Künstlerinnen bekommen Klima der Unsicherheit zu spüren

Abschliessend zieht Patti Basler ihr Fazit: «Die knappen Ressourcen und die politische Gefahr einer drohenden Unterfinanzierung (erst Gebührenabschaffungs-, nun Halbierungs-Initiative), sinkende Werbeeinnahmen, Digitalisierung und ‹Netflixisierung›, Überalterung und Abwanderung des TV-Publikums münden in einem Klima der Unsicherheit hinter den Kulissen, was Künstlerinnen und Künstler, die mit dem SRF zu tun haben, letztlich als Dumpinglöhne, als leere Versprechungen, strukturellen Sexismus oder als unvorhersehbare Kurswechsel zu spüren bekommen.»

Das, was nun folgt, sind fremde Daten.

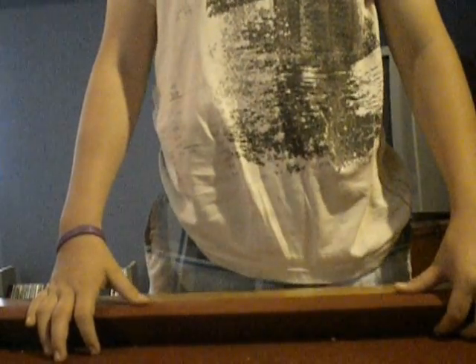Hey guys, Zacketech491 here. Today I'm going to be doing an unboxing video, kind of. I put it back in its box. I did use it today in a Nerf War that I went to.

Auf Anfrage von Blick hat SRF angekündigt, das Gespräch mit Patti Basler und Lara Stoll suchen zu wollen. «Ein konstruktiver Austausch ist für uns zentral. SRF setzt sich konsequent für Diversität und die Gleichstellung der Geschlechter ein – sowohl im Angebot als auch bei den Mitarbeitenden. Der Entscheid für die Nachfolge von Formaten wird bei SRF von einem breit abgestützten Gremium gefällt, das einen hohen Frauenanteil aufweist», erklärt SRF.

Patti Basler sorgt für gespaltene Meinungen

Patti Baslers Haltung spaltet die Meinungen auf Twitter. Bei einigen kommen ihre Äusserungen nicht gut an. «Dass sie überhaupt nicht lustig sind, darauf kommen die Schweizer Comediennes wie Patti Basler vor lauter Gemotze über strukturellen Sexismus natürlich nicht. Schuld sind die anderen, nicht man selbst, respektive der eigene, dürftige Humor», nervt sich ein User.

Ein weiterer wettert: «Patti Basler will an den Honigtopf Staatsfernsehen. Wenn man dafür zu wenig lustig ist, ruft man einfach mal laut: Diskriminierung.» Basler bekommt aber auch Zuspruch. So lobt etwa die Präsidentin der Mitte-Frauen, Christina Bachmann-Roth (39): «Bravo Patti Basler! Mutige und humorvolle Reaktion auf fragwürdige Entscheidungsprozesse!» Eine weitere Userin bedankt sich bei ihr: «Danke ihr Frauen wie Patti Basler, dass ihr euch auch nicht stimmlos machen lässt.» (bsn)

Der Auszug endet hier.